While Apatow and the actors, writers, and directors who work in his orbit (jokingly referred to as Apatown) mostly get credited with turning sloppy slacker dudes into Hollywood icons, they actually deserve acknowledgment for something more subtle. From The 40-Year-Old Virgin to Bridesmaids, Apatown has turned out some of the most incisive movies about one of the rawest facts of adult friendships and relationships: People grow at different rates, and when they don't match up, the emotional fallout can be devastating.
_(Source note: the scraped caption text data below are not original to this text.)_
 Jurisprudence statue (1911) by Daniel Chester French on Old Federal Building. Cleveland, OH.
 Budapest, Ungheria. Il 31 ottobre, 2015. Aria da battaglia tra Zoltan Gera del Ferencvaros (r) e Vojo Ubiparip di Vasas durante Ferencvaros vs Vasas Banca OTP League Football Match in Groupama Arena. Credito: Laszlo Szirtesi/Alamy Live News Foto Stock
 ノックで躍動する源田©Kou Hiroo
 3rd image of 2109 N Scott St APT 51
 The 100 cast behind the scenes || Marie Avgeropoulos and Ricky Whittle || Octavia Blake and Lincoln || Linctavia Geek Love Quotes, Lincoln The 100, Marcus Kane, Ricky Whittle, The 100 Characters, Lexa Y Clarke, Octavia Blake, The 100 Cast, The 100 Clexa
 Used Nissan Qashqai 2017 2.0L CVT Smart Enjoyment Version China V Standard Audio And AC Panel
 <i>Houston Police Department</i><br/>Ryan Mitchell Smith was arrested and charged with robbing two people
Those maturity disparities, especially between friends, have been just as important to the tone and pathos of Apatown movies as romantic conflicts between babes and schlubs. In Anchorman: The Legend of Ron Burgundy, Will Ferrell's pompous news anchor alienates his team when he embraces a female coworker (even if it's only so he can sleep with her). Andy, Steve Carrell's shy, emotionally stunted salesman in The 40-Year-Old Virgin, may live a life essentially defined by his lack of sexual experience. But the men who help him progress towards adulthood are just as damaged: They're insecure cheats or creepy ex-boyfriends who reevaluate their own lives as they help Andy move forward with his.
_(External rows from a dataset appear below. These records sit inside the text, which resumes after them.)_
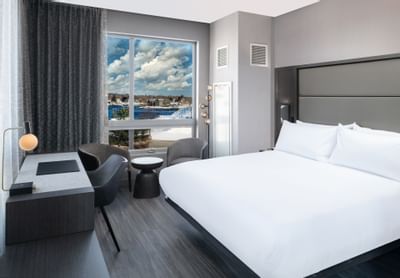 Working desk in a Double bedroom at The Portsmouth Collection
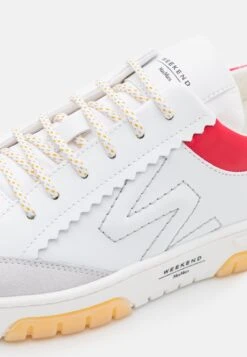 Orlaya - Trainers - Rosso -Famous Lady Shoe Store 9a16a9e8913b4b9d8c98d3a322185993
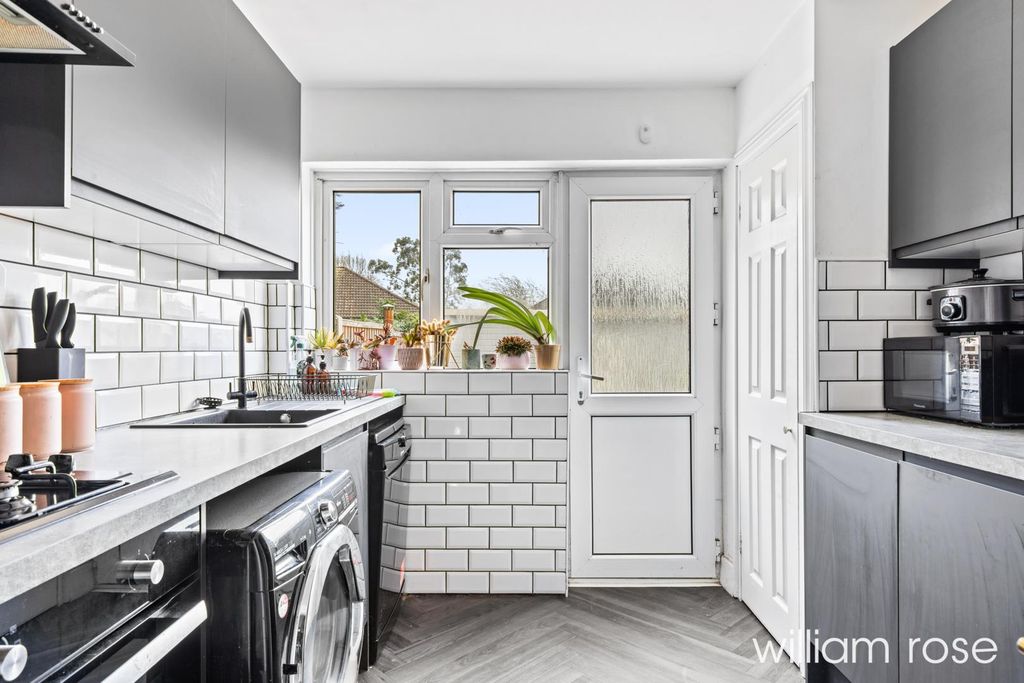 Property photo 2 of 14 Oakwoodhill_5.Jpg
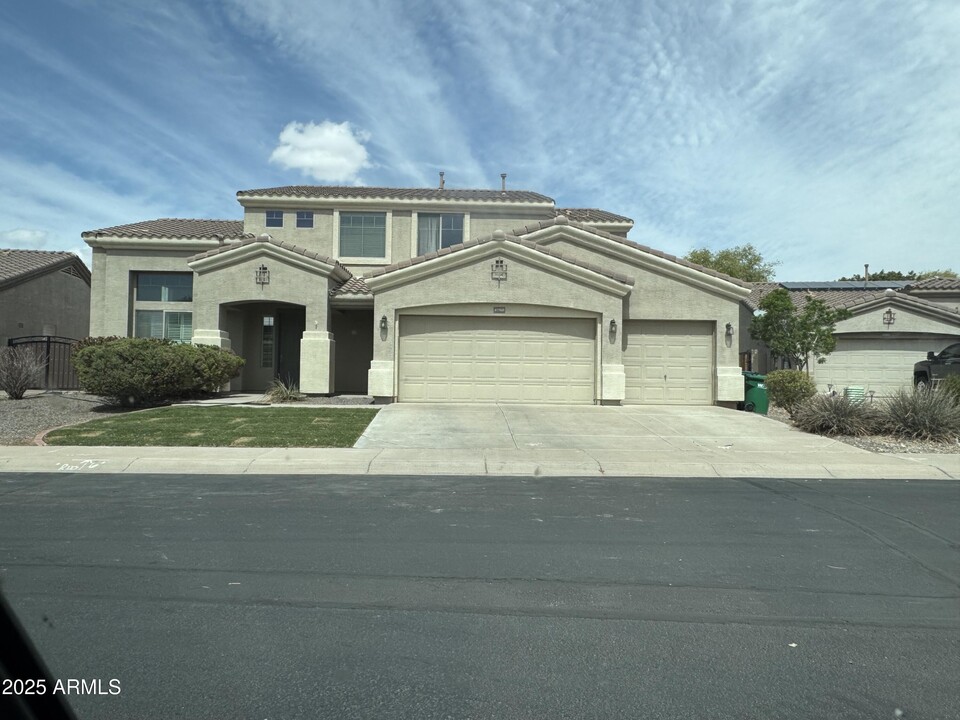 41960 W Palmyra Ct in Maricopa, AZ - Foto de edificio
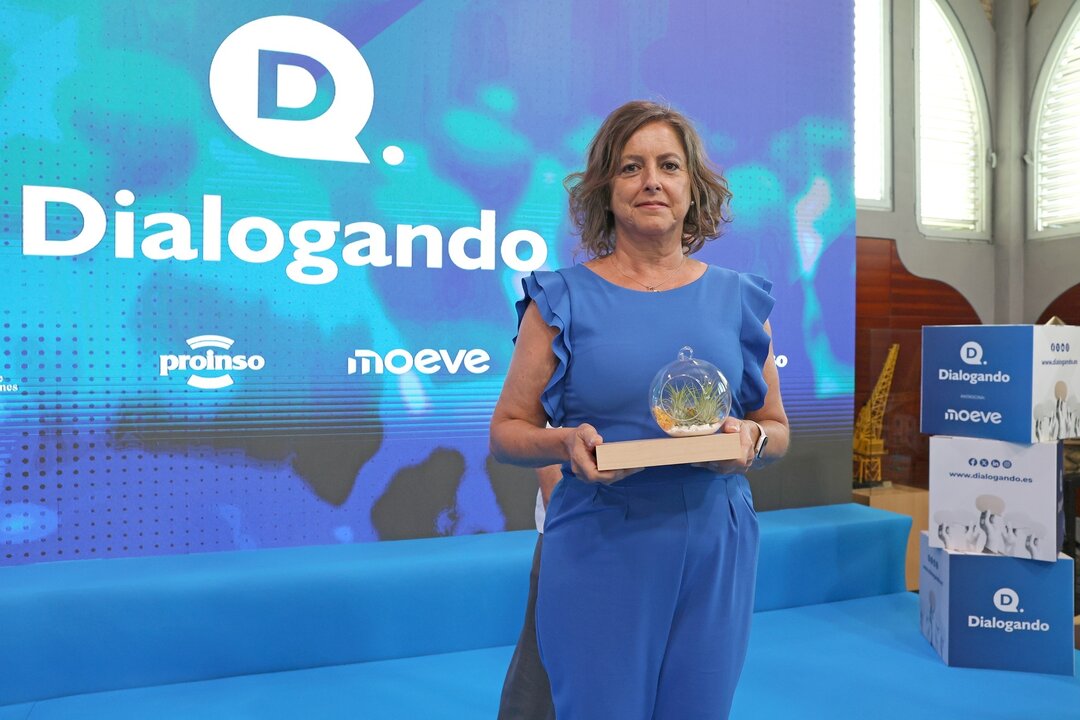 Catalina García, con el obsequio que le han brindado en Dialogando.
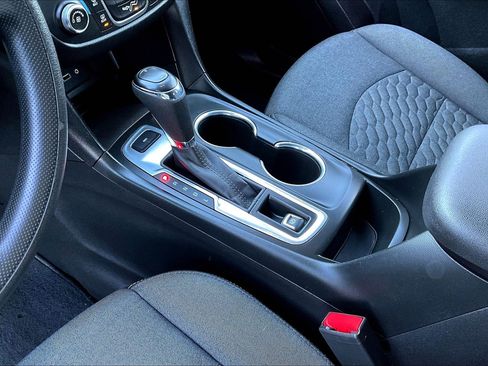 Used 2019 Chevrolet Equinox LT image 10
And in Knocked Up, Paul Rudd's married-guy Pete may want to hang out with Seth Rogen's slacker baby-daddy Ben, but ultimately, Ben's struggles to figure out how to be a responsible adult force Pete to confront his failures as a father and a husband. One of the saddest scenes in the movie is not between the two young parents-to-be, but the moment when Ben tells Pete how his parenting mistakes have made it harder for him to establish a family of his own:
Superbad is the first movie in the larger Apatow universe to put friendship, rather than a romantic or sexual relationship, at the center of the movie, and the emotions between Michael Cera and Jonah Hill's graduating high school seniors are so intense and painful that it's no wonder that some critics insisted that the real romance was between the two boys rather than the objects of their affections.
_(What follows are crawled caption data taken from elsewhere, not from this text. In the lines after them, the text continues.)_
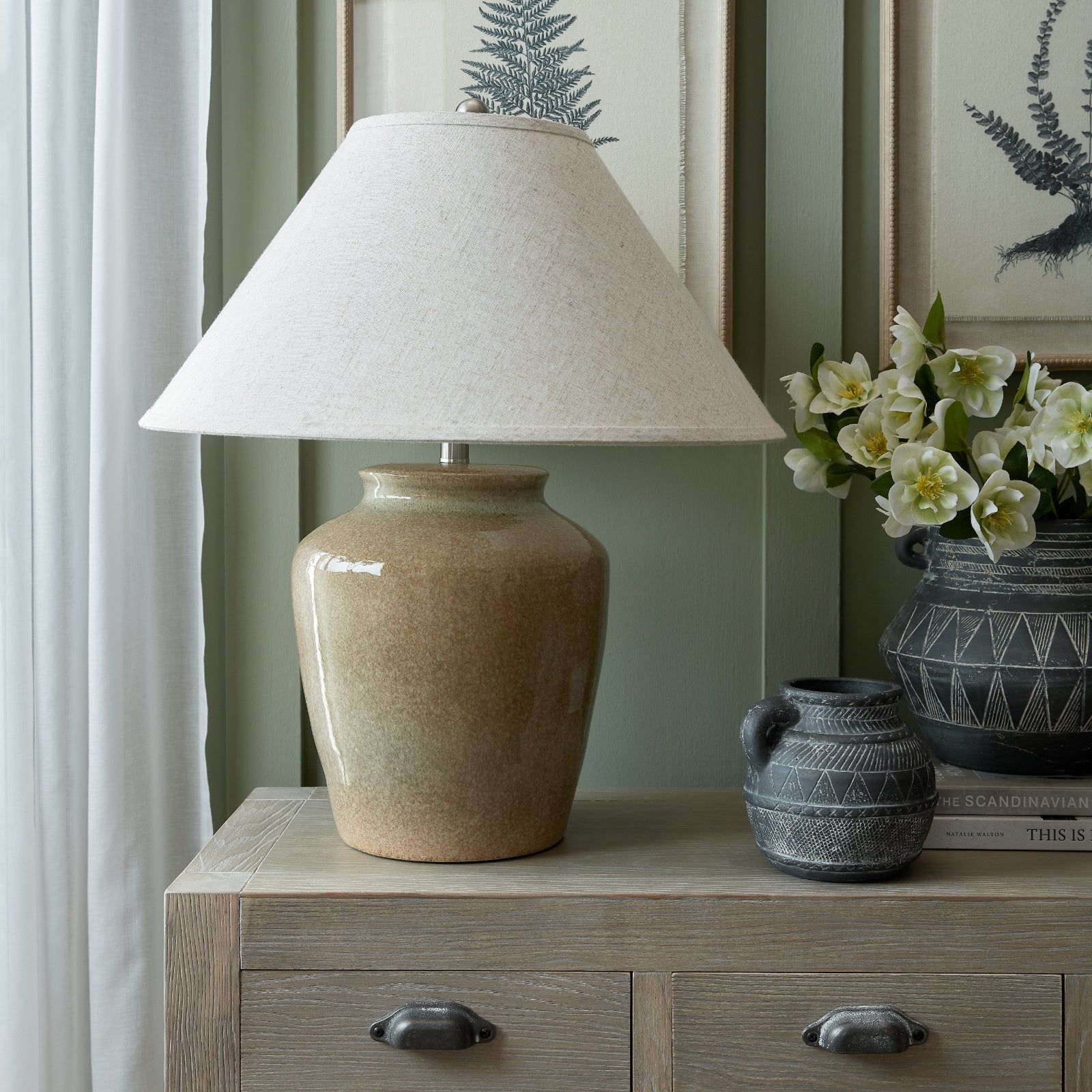 Mottura Ceramic Table Lamp with Edged Linen Shade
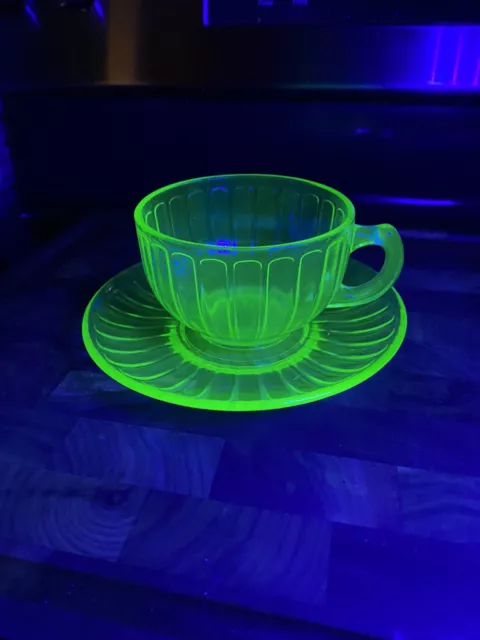 RARE Vintage Federal Uranium Vaseline Green Depression Glass teacup and saucer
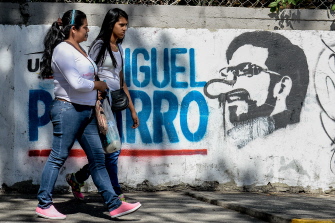 Un grafiti electoral del diputado opositor y candidato en los próximos comicios, Miguel Pizarro, en una pared del suburbio de Petare, en Caracas 
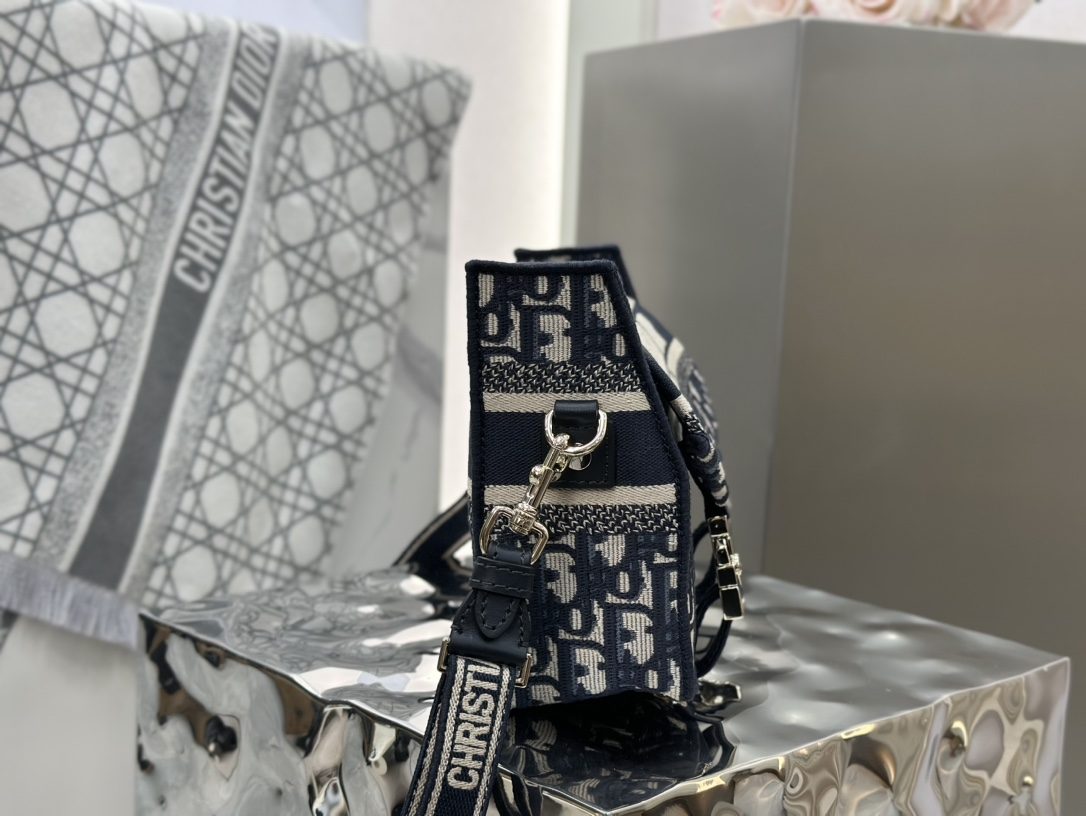 2001a8128632bf22df27c65d4dca71ec_1725376966_904.jpg 2001a8128632bf22df27c65d4dca71ec_1725376966_904.jpg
What makes Bridesmaids so refreshing is not just that it's the first Apatown movie where women fill up the screen almost to the exclusion of men. It's also that it's the first Apatown movie where the emotional disparities between the main characters come out of genuine and well-developed failures on both sides, rather than laziness or under-explored insecurity. Kristin Wiig's Annie has been through a series of crushing disappointments as the movie begins: The bakery she always dreamed of running has gone under in the recession, its windows papered over, and its sign vanishing letter by letter. Her relationship has been a casualty of the business's failure, and that double failure has crushed her spirit, leaving her rooming with a pair of spectacularly bizarre British twins and failing at selling jewelry to people whose happiness she finds almost unendurable.